Even loyalty comes with a condition.
“They’re only going be loyal to me as long as I can do something for them,” Kitchens said. “You just have to understand that, and that’s fine. Because I’m always gonna be able to do something for ’em.”
This is why Mayfield and other Browns seem to like Kitchens so much. Their new coach has an internal sense of personal responsibility to always be useful to his players, a trait that also helps him weed out players who aren’t.
“If you wanna see if someone’s loyal to ya or not, teach ’em something they don’t know, watch ’em have success with it … and see if they come back,” Kitchens said.
And if they don’t?
“I’m telling you, you’ve probably got the wrong guy [on your team],” Kitchens said.
So far, so good. It’s training camp, so everyone’s saying nice things in Cleveland now, from the front office to the players. That includes Beckham, who noted that Kitchens has made him “feel at home,” and Mayfield, who consistently praises Kitchens.
“The best part about Freddie is how honest he is, his communication, he is himself and he brings that same energy every day,” Mayfield said recently. “He is the same guy every day, and guys need to see that. We knew that offensively, just because we dealt with him the back half of the year, but then the defense seeing that every day is very important.”

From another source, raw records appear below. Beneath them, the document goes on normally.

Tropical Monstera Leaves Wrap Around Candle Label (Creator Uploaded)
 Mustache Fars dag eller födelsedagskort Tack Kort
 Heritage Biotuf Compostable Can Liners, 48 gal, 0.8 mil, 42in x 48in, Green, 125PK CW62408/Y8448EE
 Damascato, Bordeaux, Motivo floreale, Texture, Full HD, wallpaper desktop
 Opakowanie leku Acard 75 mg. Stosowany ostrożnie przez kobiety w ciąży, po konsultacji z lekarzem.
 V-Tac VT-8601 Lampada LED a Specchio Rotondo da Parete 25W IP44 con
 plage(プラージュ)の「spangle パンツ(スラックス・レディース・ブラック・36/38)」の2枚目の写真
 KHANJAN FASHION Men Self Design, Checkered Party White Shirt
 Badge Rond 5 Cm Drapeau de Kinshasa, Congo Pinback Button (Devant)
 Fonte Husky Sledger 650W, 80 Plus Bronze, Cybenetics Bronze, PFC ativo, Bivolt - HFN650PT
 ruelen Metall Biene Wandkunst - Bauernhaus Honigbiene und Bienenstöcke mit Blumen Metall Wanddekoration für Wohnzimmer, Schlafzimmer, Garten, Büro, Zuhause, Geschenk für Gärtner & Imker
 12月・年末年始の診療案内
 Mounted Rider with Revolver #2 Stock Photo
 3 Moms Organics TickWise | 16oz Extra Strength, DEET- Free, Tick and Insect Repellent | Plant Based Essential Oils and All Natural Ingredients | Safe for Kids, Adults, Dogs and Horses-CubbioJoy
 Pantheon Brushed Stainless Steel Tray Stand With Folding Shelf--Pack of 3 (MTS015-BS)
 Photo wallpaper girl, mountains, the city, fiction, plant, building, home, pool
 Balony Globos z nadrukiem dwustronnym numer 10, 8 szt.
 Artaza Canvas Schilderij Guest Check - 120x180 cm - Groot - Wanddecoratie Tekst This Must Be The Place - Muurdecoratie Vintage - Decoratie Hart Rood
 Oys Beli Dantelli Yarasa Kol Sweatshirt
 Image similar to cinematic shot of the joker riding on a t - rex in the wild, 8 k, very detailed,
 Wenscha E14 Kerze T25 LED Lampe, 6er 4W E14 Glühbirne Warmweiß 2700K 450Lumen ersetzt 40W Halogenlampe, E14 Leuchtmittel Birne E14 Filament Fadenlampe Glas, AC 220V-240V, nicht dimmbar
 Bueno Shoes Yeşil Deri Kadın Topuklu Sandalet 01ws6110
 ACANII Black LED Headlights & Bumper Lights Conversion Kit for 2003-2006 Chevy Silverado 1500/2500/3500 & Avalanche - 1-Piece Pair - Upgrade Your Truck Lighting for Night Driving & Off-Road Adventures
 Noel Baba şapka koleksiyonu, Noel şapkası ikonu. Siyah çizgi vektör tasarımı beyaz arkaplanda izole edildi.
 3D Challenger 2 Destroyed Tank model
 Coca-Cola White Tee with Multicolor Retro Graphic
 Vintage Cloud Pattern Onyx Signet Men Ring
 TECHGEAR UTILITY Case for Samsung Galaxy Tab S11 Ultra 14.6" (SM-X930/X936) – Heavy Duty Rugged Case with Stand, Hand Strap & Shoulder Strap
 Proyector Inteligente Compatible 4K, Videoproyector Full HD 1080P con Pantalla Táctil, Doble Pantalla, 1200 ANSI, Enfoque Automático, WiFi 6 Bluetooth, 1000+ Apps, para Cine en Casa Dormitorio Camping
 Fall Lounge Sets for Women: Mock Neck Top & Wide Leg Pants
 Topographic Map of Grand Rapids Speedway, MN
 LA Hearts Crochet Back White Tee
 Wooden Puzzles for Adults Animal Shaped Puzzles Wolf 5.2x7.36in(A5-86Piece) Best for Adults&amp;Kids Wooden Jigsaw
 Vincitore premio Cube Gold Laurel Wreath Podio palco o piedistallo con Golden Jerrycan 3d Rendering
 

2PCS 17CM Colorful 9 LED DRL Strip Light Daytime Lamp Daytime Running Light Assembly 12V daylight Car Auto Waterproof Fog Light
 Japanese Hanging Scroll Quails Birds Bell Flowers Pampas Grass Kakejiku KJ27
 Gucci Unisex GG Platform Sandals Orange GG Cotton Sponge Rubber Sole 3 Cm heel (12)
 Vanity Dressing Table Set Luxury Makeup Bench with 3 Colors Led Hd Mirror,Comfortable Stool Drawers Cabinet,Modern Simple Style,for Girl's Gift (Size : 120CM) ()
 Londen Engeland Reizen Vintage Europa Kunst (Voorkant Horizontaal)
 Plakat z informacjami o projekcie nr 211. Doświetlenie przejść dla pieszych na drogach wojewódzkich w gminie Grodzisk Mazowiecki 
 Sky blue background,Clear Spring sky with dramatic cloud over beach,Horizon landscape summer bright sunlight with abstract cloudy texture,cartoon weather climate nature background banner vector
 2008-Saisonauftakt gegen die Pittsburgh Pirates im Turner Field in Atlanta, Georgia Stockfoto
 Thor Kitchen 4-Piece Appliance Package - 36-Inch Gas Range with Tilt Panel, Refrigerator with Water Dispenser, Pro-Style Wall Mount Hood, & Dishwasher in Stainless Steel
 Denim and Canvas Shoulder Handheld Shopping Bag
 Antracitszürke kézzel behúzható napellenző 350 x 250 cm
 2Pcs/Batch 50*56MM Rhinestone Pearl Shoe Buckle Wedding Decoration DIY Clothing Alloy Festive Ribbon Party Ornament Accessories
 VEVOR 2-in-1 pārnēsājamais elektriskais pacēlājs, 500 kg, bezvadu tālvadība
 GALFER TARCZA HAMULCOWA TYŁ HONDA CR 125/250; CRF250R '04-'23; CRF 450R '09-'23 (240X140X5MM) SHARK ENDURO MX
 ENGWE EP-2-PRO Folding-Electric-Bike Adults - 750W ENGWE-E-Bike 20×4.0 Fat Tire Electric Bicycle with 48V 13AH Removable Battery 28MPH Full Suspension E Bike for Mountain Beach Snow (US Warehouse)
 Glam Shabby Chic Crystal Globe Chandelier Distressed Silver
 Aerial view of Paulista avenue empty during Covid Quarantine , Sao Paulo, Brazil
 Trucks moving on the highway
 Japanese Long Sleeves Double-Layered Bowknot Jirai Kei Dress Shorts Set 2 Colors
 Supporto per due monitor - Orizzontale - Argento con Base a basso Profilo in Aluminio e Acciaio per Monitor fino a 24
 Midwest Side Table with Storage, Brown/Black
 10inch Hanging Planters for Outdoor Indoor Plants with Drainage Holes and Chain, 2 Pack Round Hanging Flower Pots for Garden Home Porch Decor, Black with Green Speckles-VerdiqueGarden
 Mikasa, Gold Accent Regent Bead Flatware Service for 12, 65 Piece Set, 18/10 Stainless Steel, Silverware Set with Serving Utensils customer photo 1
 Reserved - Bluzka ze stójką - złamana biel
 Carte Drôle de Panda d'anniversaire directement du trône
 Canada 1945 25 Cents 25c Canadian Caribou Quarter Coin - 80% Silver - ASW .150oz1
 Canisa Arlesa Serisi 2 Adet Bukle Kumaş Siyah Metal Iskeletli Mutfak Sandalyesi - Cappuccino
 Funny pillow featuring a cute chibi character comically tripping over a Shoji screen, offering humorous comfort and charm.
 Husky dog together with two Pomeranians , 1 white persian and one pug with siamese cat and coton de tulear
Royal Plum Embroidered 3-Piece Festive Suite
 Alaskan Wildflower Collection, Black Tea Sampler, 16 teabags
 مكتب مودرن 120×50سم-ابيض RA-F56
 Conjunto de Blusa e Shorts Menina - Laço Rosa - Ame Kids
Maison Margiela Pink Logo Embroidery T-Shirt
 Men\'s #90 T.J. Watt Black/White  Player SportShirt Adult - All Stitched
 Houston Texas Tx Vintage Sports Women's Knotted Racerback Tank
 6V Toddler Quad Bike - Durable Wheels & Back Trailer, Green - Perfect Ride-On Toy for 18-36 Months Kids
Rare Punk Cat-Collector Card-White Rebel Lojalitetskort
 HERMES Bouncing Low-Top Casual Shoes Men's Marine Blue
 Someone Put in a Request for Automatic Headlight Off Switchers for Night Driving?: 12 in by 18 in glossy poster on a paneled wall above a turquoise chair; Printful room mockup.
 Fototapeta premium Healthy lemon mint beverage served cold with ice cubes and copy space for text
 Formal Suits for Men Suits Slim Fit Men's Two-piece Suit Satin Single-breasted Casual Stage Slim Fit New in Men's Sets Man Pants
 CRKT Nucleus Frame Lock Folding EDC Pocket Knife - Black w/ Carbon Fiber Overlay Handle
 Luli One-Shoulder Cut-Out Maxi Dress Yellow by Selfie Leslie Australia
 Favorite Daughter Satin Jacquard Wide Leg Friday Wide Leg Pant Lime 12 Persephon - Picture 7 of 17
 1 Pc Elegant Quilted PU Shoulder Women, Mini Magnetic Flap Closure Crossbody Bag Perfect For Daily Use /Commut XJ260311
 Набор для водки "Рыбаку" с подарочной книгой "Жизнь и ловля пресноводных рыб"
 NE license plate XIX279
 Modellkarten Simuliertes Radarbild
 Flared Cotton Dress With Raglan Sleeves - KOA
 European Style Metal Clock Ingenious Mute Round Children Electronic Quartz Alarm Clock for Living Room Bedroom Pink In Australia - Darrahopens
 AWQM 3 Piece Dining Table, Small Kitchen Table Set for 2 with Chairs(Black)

The real test comes in the fall, when the Browns lose a game or two. Kitchens knows that, and he also knows how much they stick together amid the storm will determine whether all those AFC North championship predictions come true. Perhaps that’s why, when asked who will make sure the Browns will stay bonded when tough times come, Kitchens chuckled.
“I hope everyone, alright,” Kitchens said. “Because when adversity hits, you’re going to crumble, and when you crumble, you’re [either] going to put the pieces back together or it’s gonna get swept up. We want to put the pieces back together.”
Dorsey is betting that Kitchens’ three-pronged approach of earning the trust, respect and loyalty of his players will have something to do with ensuring that actually does happen if the winds of potential strife that reporters keep asking about eventually hit the shores of Lake Erie,
“We, the Cleveland Browns, believe in the group that’s right here in this building,” Dorsey said. “And that’s the only thing that matters.”